Print nothing but the lines below starting at the line that holds "Das drittplatzierte Team" and ending at the line that holds "Foto del edificio - 186 Soriano Dr", including both, each exactly as written.

===== GIVEN DATA

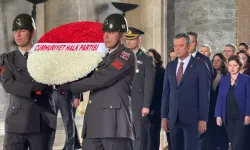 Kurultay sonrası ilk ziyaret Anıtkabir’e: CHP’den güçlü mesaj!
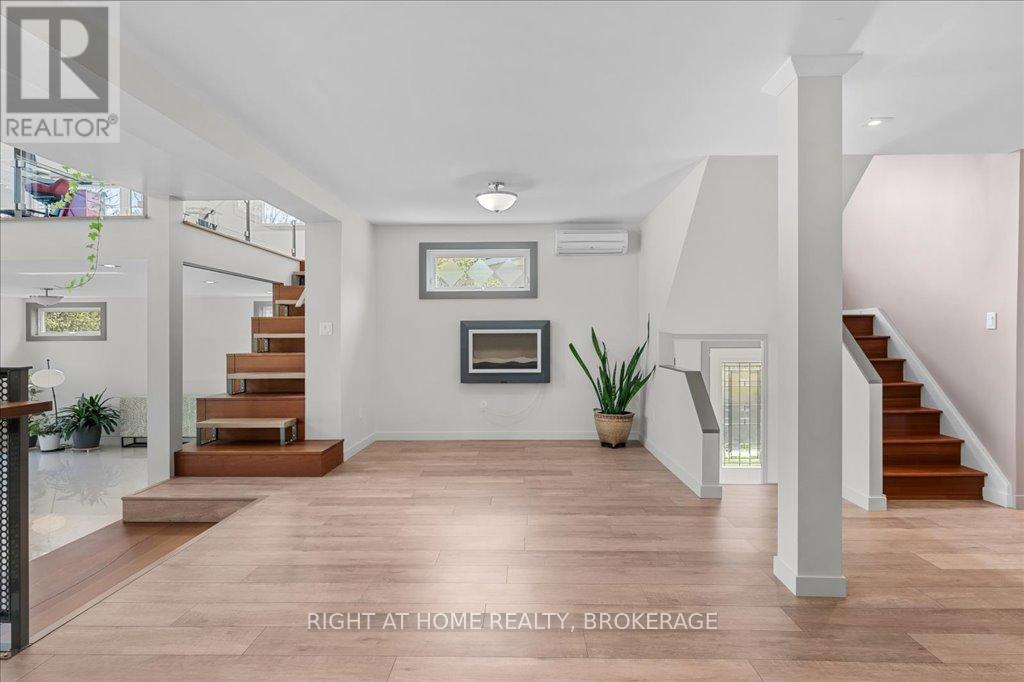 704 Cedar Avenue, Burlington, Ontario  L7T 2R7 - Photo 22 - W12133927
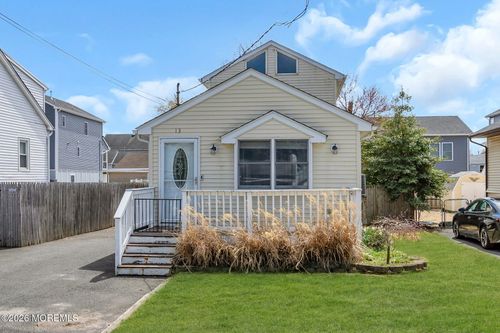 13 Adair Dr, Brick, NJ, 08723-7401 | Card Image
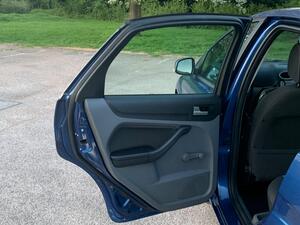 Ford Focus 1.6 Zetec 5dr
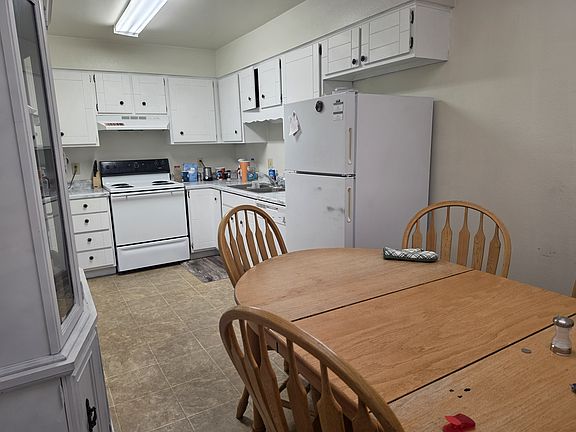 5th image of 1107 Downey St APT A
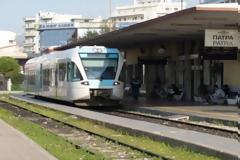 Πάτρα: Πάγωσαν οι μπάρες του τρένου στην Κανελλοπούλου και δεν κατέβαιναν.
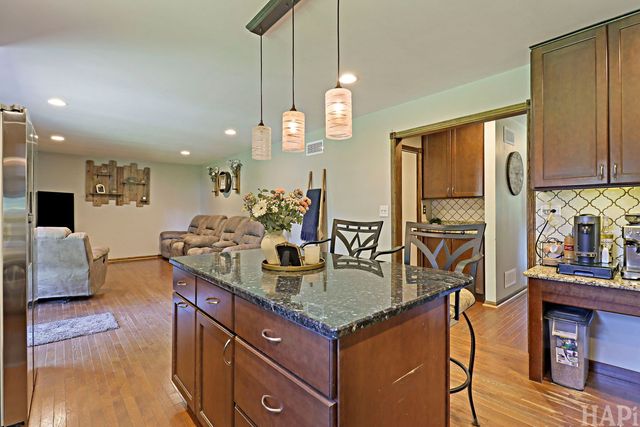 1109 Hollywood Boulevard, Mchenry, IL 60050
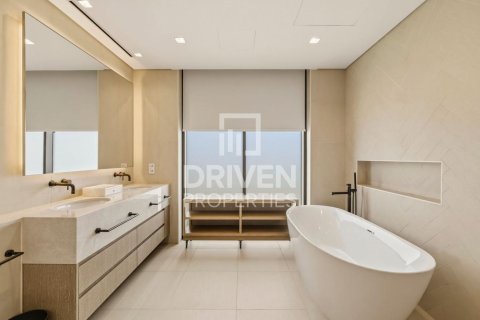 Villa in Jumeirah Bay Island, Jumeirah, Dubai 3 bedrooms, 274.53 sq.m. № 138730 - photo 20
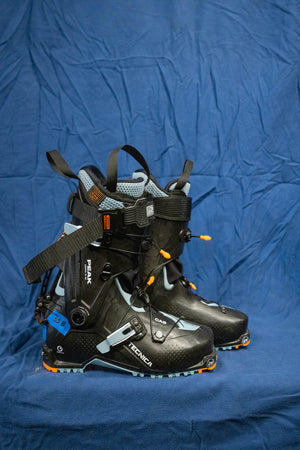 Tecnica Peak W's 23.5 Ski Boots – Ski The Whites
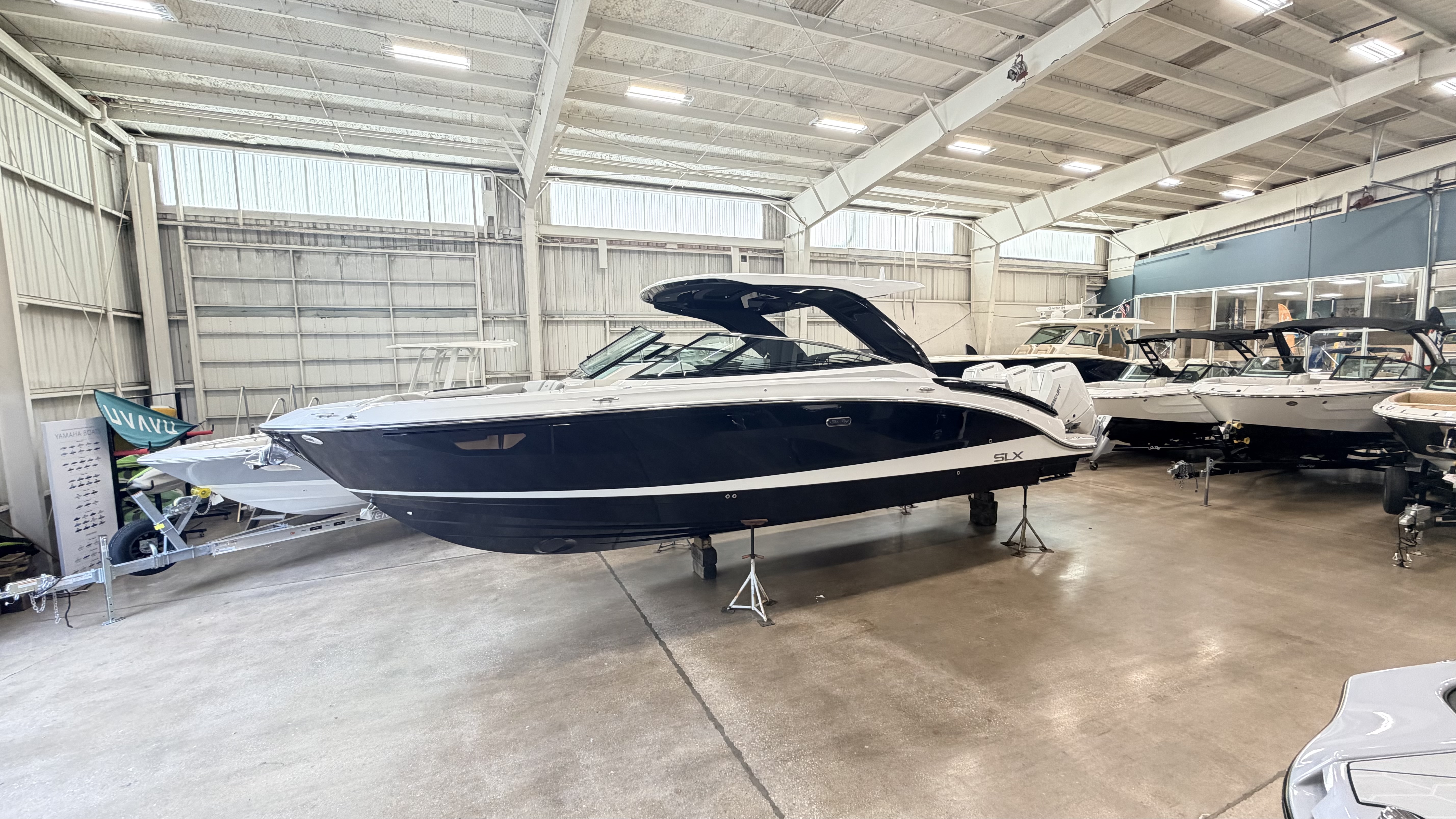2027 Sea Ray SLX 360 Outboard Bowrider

==========
===== GIVEN DATA

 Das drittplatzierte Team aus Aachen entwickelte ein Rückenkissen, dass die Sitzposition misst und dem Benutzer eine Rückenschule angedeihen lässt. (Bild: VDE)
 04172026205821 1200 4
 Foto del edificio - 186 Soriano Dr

==========

§ WRITTEN RESPONSE
 Das drittplatzierte Team aus Aachen entwickelte ein Rückenkissen, dass die Sitzposition misst und dem Benutzer eine Rückenschule angedeihen lässt. (Bild: VDE)
 04172026205821 1200 4
 Foto del edificio - 186 Soriano Dr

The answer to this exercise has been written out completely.